ALMARHAMAHINDONESIA.COM, - Kurban dan aqiqah adalah dua ibadah dalam Islam yang sama-sama melibatkan penyembelihan hewan, namun memiliki makna, waktu, dan tujuan yang berbeda. Keduanya tetap memiliki nilai ibadah yang besar sebagai bentuk ketaatan kepada Allah. Sobat Almarhamah, memahami perbedaan ini penting agar kita bisa menunaikan ibadah dengan lebih tepat dan penuh kesadaran.
Kurban adalah ibadah yang dilaksanakan pada momen Hari Raya Idul Adha dan hari tasyrik, yaitu tanggal 10–13 Dzulhijjah. Ibadah ini meneladani kisah Nabi Ibrahim AS yang menunjukkan ketaatan luar biasa kepada Allah. Dari sini, kurban menjadi simbol keikhlasan dalam berkorban dan kesiapan melepaskan apa yang kita cintai demi ridha-Nya.

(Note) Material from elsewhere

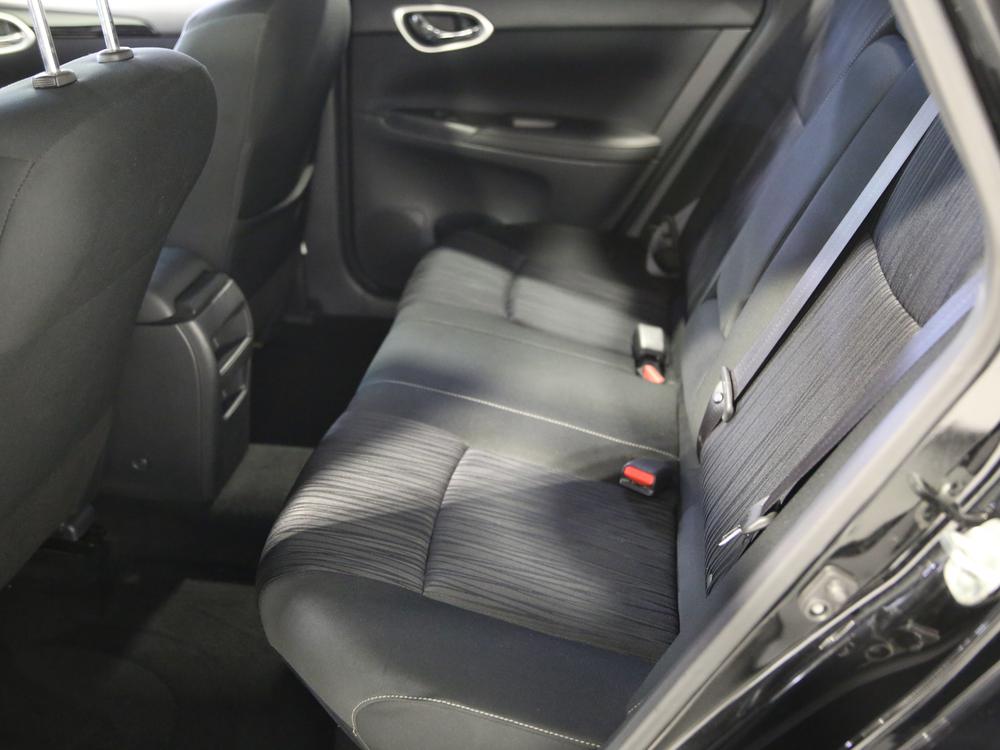 Nissan Sentra SV 2019 d’occasion à vendre - 31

Sementara itu, aqiqah adalah ibadah yang dilakukan sebagai bentuk rasa syukur atas kelahiran seorang anak. Umumnya dilaksanakan pada hari ke-7 setelah kelahiran, meskipun boleh dilakukan di hari lain ketika sudah mampu. Bagi Sobat Almarhamah, aqiqah bukan sekadar tradisi, tetapi juga doa dan harapan terbaik untuk sang buah hati.
Dari segi hukum, kurban dan aqiqah termasuk sunnah muakkadah, yaitu amalan yang sangat dianjurkan bagi yang memiliki kemampuan. Walaupun tidak wajib, keduanya memiliki keutamaan yang besar dan menjadi peluang untuk mendekatkan diri kepada Allah melalui amal ibadah yang penuh makna.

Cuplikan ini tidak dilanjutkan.